New World is easily the most densely packed MMO I’ve played, with nearly every inch of screen filled with flora, fauna, terrain, mobs, and buildings (with Ultra settings turned on). Not only that, but the art direction feels heads above that of competing MMOs, with detailed textures and a clear, consistent medieval theme threaded through all of it.
Next is the sound. Again Amazon sets a new industry-leading standard for MMOs, whether it’s the slow creaking of a chopped tree falling in the distance or the eerily accurate “crack” you hear ricocheting off the mountains as you mine a boulder in the valley. In combat, every heavy hit makes a chunky, impactful sound, while heals from a life staff are layered with an ethereal and wispy quality. Every sound fills the world with another immersion layer, and when combined with the top-notch graphics, it’s easy to spend hours just taking in the wilderness’ sights and sounds.
Of course, you won’t be able to walk for long before you run into an enemy, and it’s here that New World shines at its brightest—the combat.
Combat Keeps It Current
Ripped straight out of games like Dark Souls, New World’s combat is the title’s saving grace. At a certain point, you stop minding that it’s the 300th time you’ve killed a slightly different variation of the same zombie, because every combat encounter feels fresh, as long as you’re leveling up different weapons along the way.
Rather than sticking to the tried, traditional, and tired “tab targeting” combat that popular MMOs, such as Final Fantasy XIV and World of Warcraft, are known for, Amazon Games instead went for action-oriented engagement. You’re given two weapon slots, and 13 weapons. These range from grounded weapons like a great axe to more fantastical options like ice gauntlets and fire staffs.
Instead of assigning abilities to your 1-10 keys, and ultimately just pressing them in a different order depending on your class (looking at you, Final Fantasy), every New World weapon carries its own combat style. This creates a need for specialization, as the combat is so deep that just mastering one (both in player-skill and in-game skill points), could take hundreds of hours per weapon.
New World’s replay factor wears out fast in its mob variety, questing depth, dungeon crawling, and raiding, but all of these tasks are made new again every time you switch your weapon discipline. Combat is the primary magic ingredient that Amazon built into New World’s foundation, and its versatility makes for constantly engaging gameplay whether you’re dodging moves from a scripted AI, or going toe-to-toe with other people in PvP.
Amazon Lets the Players Make the Game
Speaking of PvP, here’s a well-known secret of game development: If you don’t have money to create your own content, let the players do it for you. This can be something as simple as opening up your game to the modding scene (Valheim is a recent success in this regard), or in a more genre-specific example, creating an MMO from scratch as a PvP-first experience (Crowfall comes to mind).

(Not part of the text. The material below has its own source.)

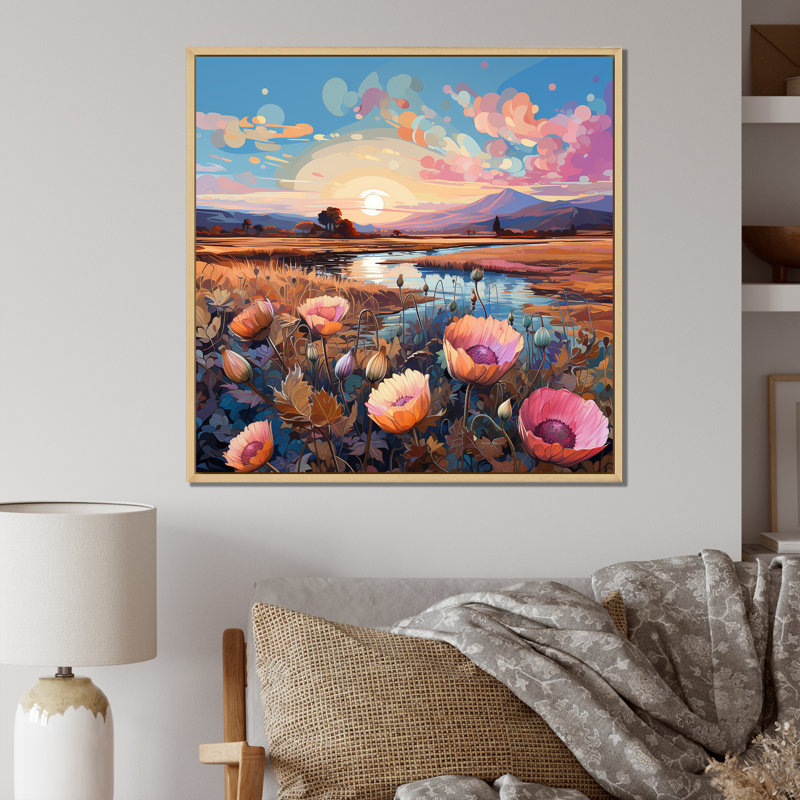 «Thistle Flower Field Sunset» sur toile, Cadre naturel flottant, H 24 po x l 24 po x P 1 po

What Amazon hopes will keep players busy up to, and past, level 60 doesn’t come down to its PvE dungeons—there will be a total of six at launch—or its raids. In New World, every bit of the map is up for grabs, warred over by three independent factions: the Marauders, the Covenant, and the Syndicate. During your early questing, you’re given the option to join one of these three companies (New World’s version of guilds), and various land clusters and cities are divided into territories that are fought over by the factions during predetermined war events a few times per week. These are 50-versus-50, all-out PvP battles, waged by two companies randomly chosen in a lottery before each event. The winning side takes the territory.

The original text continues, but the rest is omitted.